As for the value scaling: I think the problem is, if your faders are close to top or bottom there actually is hardly anything to interpolate and you get jumps again.
That's where the concept falls flat on it's face (and why the guy in the video puts his slider conveniently in the middle
But it's still much better than not having it.
Alternatively you could build a kind of limited/damped acceleration into it, where a value can never change faster than a certain amount per call until the actual fader value is reached, after which it would "connect" and go with whatever speed you move...
I'll have to try that idea out actually, could be a very nice way of bridging the gap for non-motorized faders etc.

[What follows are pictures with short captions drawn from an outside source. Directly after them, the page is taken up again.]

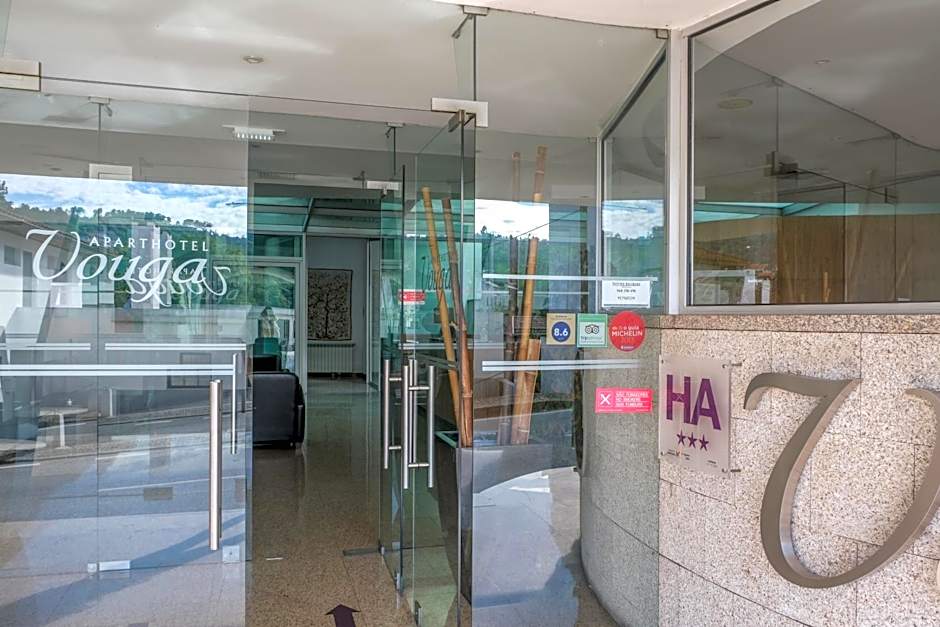 Aparthotel Vouga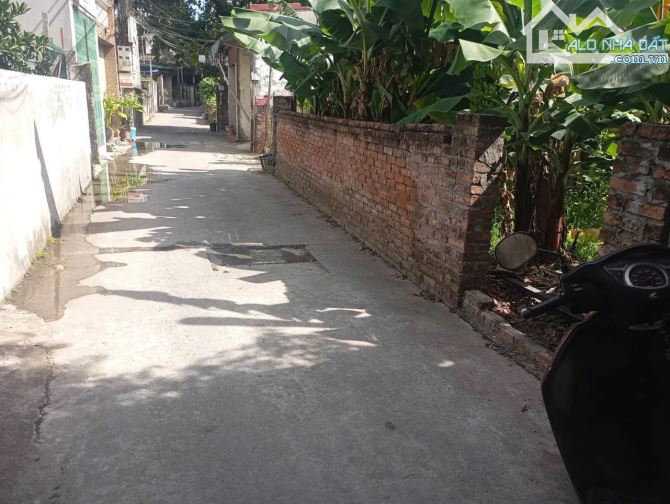 bán đất TÌNH QUANG -LONG BIÊN 65m2*mặt tiền 4,5m- đường ô tô thông bàn cờ  nhỉnh 5 tỷ(TL) - 1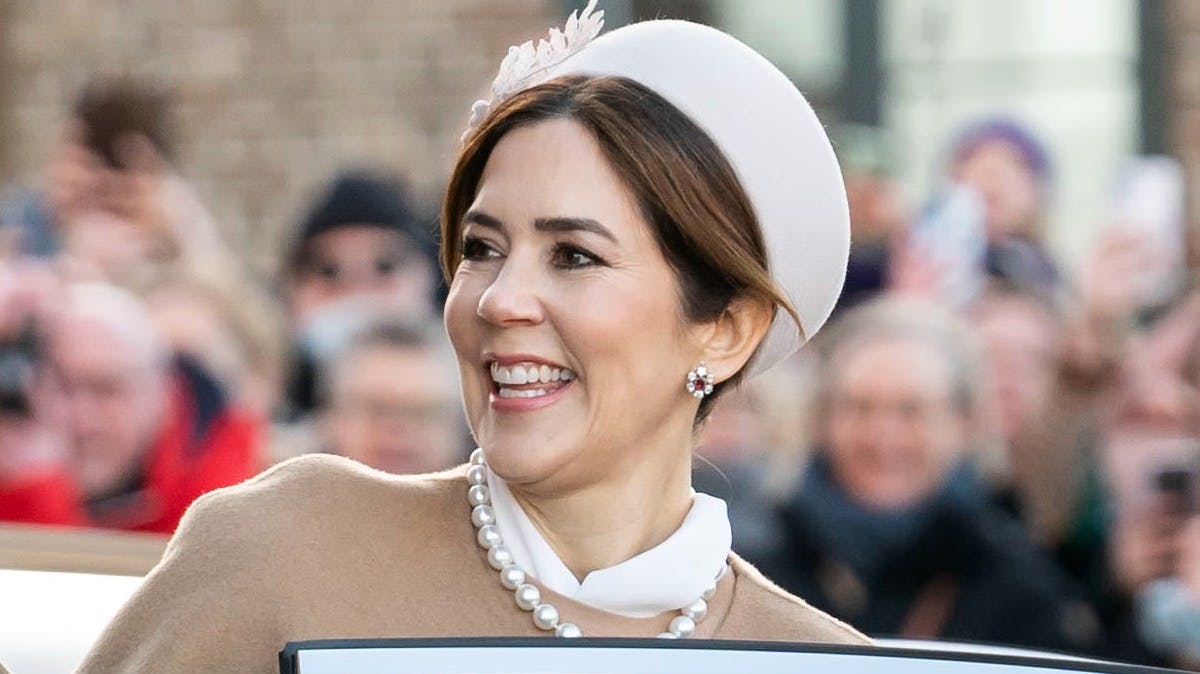 Kronprinsesse Mary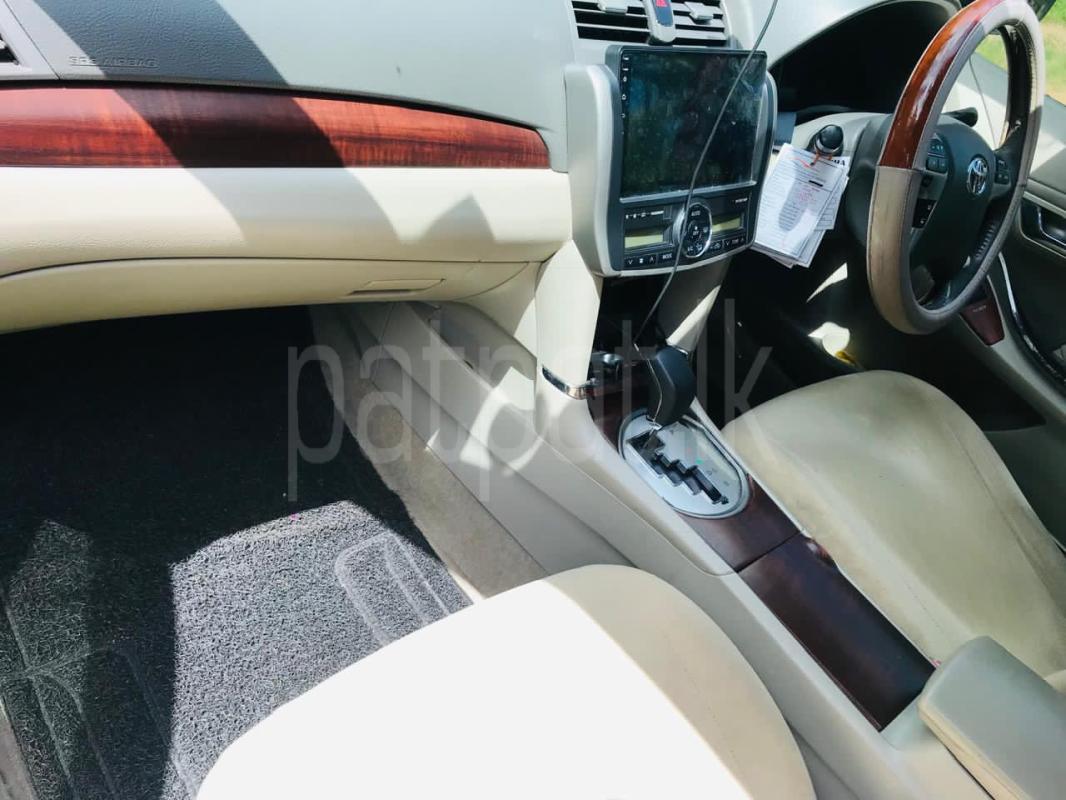 Toyota Allion 2015 - භාවිතා කරන ලද කාර් sale in Sri Lanka - patpat.lk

As for the "automagical" part, yeah, that's what the observers do
But in a non-hard-linked way which prevents dropouts in the main engine since it has fully control over when it updates the values. Observers fill in the values once on init and then only if something changes. Same with the "set", it decides when to update the internal value, but other than a "get", it can do so on it's own convenience where a "get" would need to be served right away, which could lead to problems if for some reason used excessively.